The father said that the best way to gauge whether or not the allegations were true was to tour the basement.
A walk through the garage into the basement revealed a paneled room with a double bed in it, with dozens of well-maintained model train cars on shelving anchored to the walls.
There was no bathroom, but, the father said, his son used the bathroom upstairs. As for detectives' allegations, "As far as I know, there was no sex trafficking here," Rodio said.
By contrast, Suffolk County District Attorney Timothy Sini said on Thursday that the situation in the suburban ranch-style home's basement was far worse than meets the eye.

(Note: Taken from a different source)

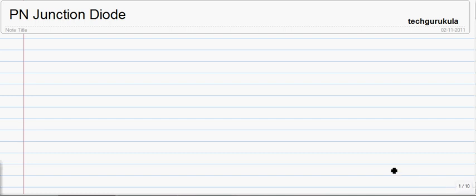In this following series of videos, we will see about P-N junction diode and its physics behind it, how it behaves and so on and so forth. To start with, let us look at the symbol of a P-N junction diode.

"He used the basement of his parents' home as a dungeon," Sini said, following an initial court appearance for Rodio III, in which Rodio, a former high school athlete and West Point dropout, was charged with 14 counts of violent sex trafficking, sex trafficking, and promoting prostitution.
Sini said that, between 2014 and this year, Rodio lured more than 20 women into his sex ring with free drugs. He'd initially meet the women, all in their 20s, on the Backpage and Craigslist websites. Once it was evident that the women were addicted and dependent on him, he'd force them to have sex with other men for money, which he'd keep.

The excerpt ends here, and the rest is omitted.